After watching this movie at the Fantasia International Film Festival, I asked director and screenwriter, Shinobu Yaguchi, during the Q&A with him, “what are [his] thoughts about music?” He first said, via his translator, "this is a very difficult question to answer," but then he said “this is not something absolutely necessary in order to live and without that we may die, no.” “However, if we have that then our life becomes richer.” I could not agree more because, at the beginning of the film, Shizuka is nevertheless doing fine with her life. She has, for instance, a good job and her own place in an apartment, but by paying attention to her attitude, she does not seem as happy as she is at the end of the film. To begin with, we learn that she dislikes musicals according to her conversation with Nana in the bus ride scene and a bad experience in her childhood. In addition, Shizuka seems to be uninterested to have anything to do for or with her family given how she gets easily irritated when her parents call and ask her why she does not come visit them and when her sister asks her to watch Nana for a day. However, all of this changes after she gets hypnotized and journeys with Chie Saito to find Martin and lift the hypnosis. First, after successfully undoing the hypnosis, she is seen happily singing with her new friends Chie and Yoshio Watanabe on the ride back home. Second, rather than return to her old job, despite getting promoted to an office position, she quits and returns to Chie, who is working on opening a music studio. Third and lastly, she is seen happily attending Nana's musical school performance with not only her new friends but her family as well. By allowing herself to sing and dance again, Shizuka's life became "richer," like Mr. Yaguchi said, because she found and reconnected with things that seemed to be missing in her life: singing and dancing (something she liked doing during her childhood before the bad experience) and value the important people in her life like, her family.
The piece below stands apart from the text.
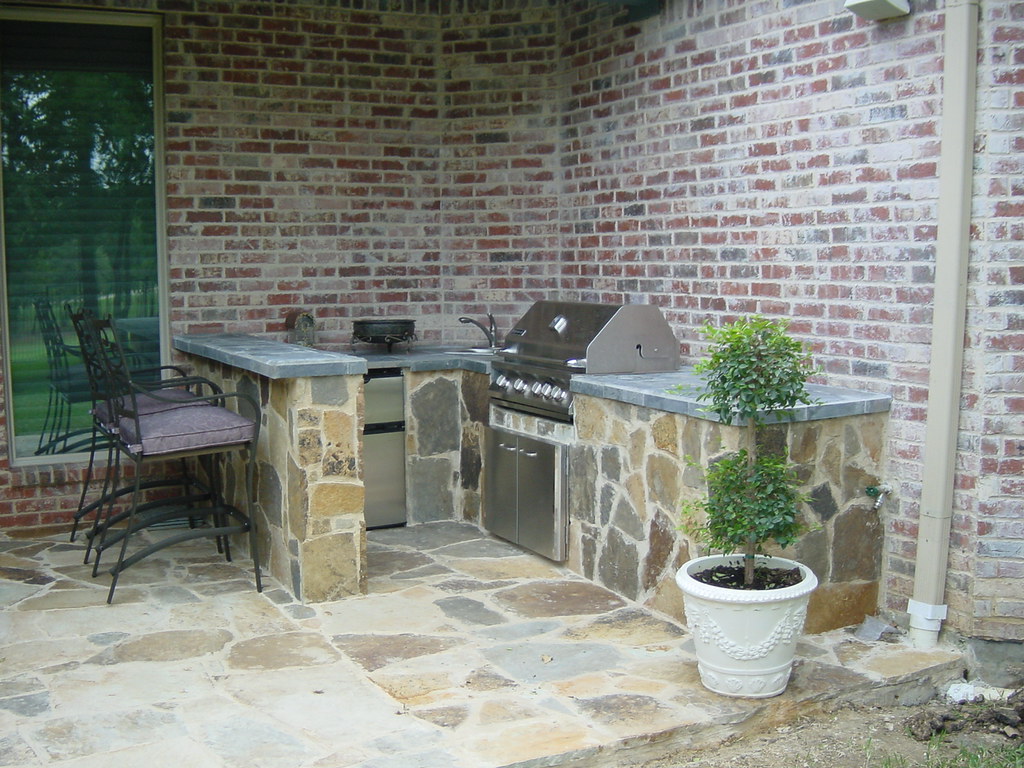 Outdoor Kitchen Denton Texas This flagstone outdoor kitche… Flickr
This film not only shows us how music can make a person’s life “richer” but the film itself demonstrates richness via its musical segments. In, for example, the musical segment of the song Happy Valley by Orange Pekoe in the scene at Shizuka's workplace, despite acknowledging, after the song is over, that only Shizuka was singing and dancing in reality, the movie takes us during musical segments like that one into a happy, fun and entertaining world where not only Shizuka but everyone around her is happily singing and dancing. Without the musical segments like, Happy Valley, the story would still remain intact, but what we would see on the screen won’t be equally as fun and entertaining. Therefore, if you are a music lover, enjoy this adventurous film which will keep you on your toes in your dancing shoes!